# [SUPPLIED INFORMATION]
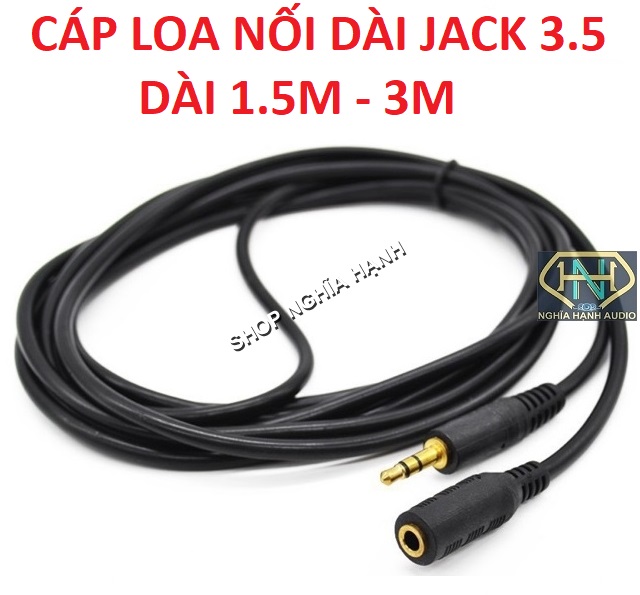 Cáp loa nối dài jack 3.5 dài 1.5m 3m 5m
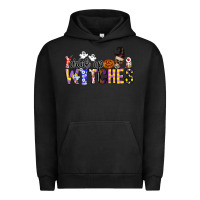 Pigment Black Drink Up Witches Urban Hoodie - CowhideDigitalArt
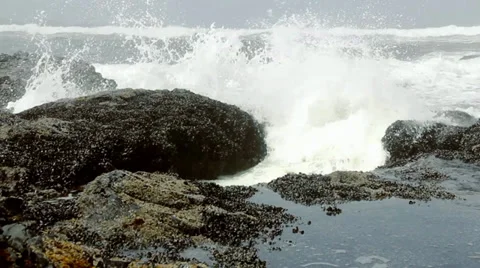 Crashing Waves Stock Footage 28455765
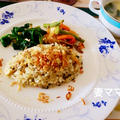 ベジタリアン炒飯＆ホットワイン♪　Vegetarian Fried Rice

# [WHAT YOU NEED TO DO]
Set down all the lines above exactly as they appear, with no pictures.

# [YOUR SOLUTION]
 Cáp loa nối dài jack 3.5 dài 1.5m 3m 5m
 Pigment Black Drink Up Witches Urban Hoodie - CowhideDigitalArt
 Crashing Waves Stock Footage 28455765
 ベジタリアン炒飯＆ホットワイン♪　Vegetarian Fried Rice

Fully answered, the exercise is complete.